12. The information processing apparatus according to claim 11, wherein, The aforementioned control unit outputs the aforementioned notification to the display device closest to the axis indicating the aforementioned first direction.
13. The information processing apparatus according to claim 11, wherein, The control unit determines the display device that exists in a region within a specified distance from the axis representing the first direction as the first display device, and outputs the specified notification to the first display device.
14. The information processing apparatus according to claim 13, wherein, When multiple display devices exist in an area within a specified range from the axis representing the first direction, the control unit will determine the display device with the highest pre-assigned priority as the first display and output the specified notification to the first display.
15. The information processing apparatus according to claim 11, wherein, When there is no display device in the area within a specified distance from the axis representing the first direction, the control unit determines the first display based on the type of notification or the source of the notification, and outputs the specified notification to the first display.
16. The information processing apparatus according to claim 11, wherein, After outputting the aforementioned notification to the first display, the control unit determines whether the driver is looking at the first display based on second data obtained from the sensor, which is different from the first data. If it is determined that the driver is not looking at the first display, it is inferred that the direction the driver is looking in, which is different from the first direction, is the second direction. The notification specified above is output to the display device selected based on the second direction, namely the second display.
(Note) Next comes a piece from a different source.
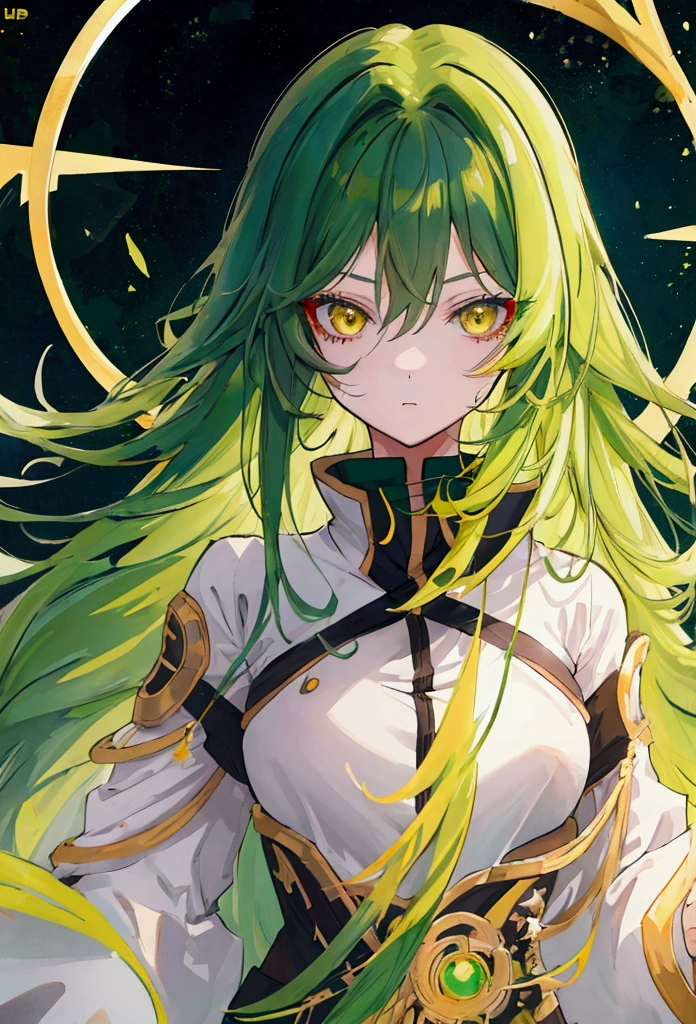 a girl with long dark green hair, yellow eyes,hair behind ear, anime, anime style, UHD, masterpiece, accurate, anatomically correct, super detail, high quality, high details, award winning, highres, best quality, 8k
17. The information processing apparatus according to claim 11, wherein, The aforementioned first data includes data used to determine which of the plurality of display devices is being operated by the driver. If the control unit determines, based on the first data, that the driver is operating the third display, it outputs the aforementioned notification to the third display.
18. The information processing apparatus according to claim 11, wherein, The aforementioned sensors include vehicle-mounted cameras. The aforementioned first data includes image data captured by the aforementioned vehicle-mounted camera.
19. An information processing method, performed by an in-vehicle system having an information processing device for outputting information via multiple display devices, wherein, The above information processing methods include: The step of inferring the direction the driver of the vehicle equipped with the aforementioned in-vehicle system is looking at, i.e., the first direction, based on data obtained from sensors, i.e., the first data; and In the event that a prescribed notification is generated from the aforementioned vehicle system toward the aforementioned driver, the step of outputting the prescribed notification to the first display device selected based on the aforementioned first direction among the plurality of display devices is taken.
20. A non-transitory storage medium, wherein, The system contains a program for causing a computer to perform the information processing method of claim 19.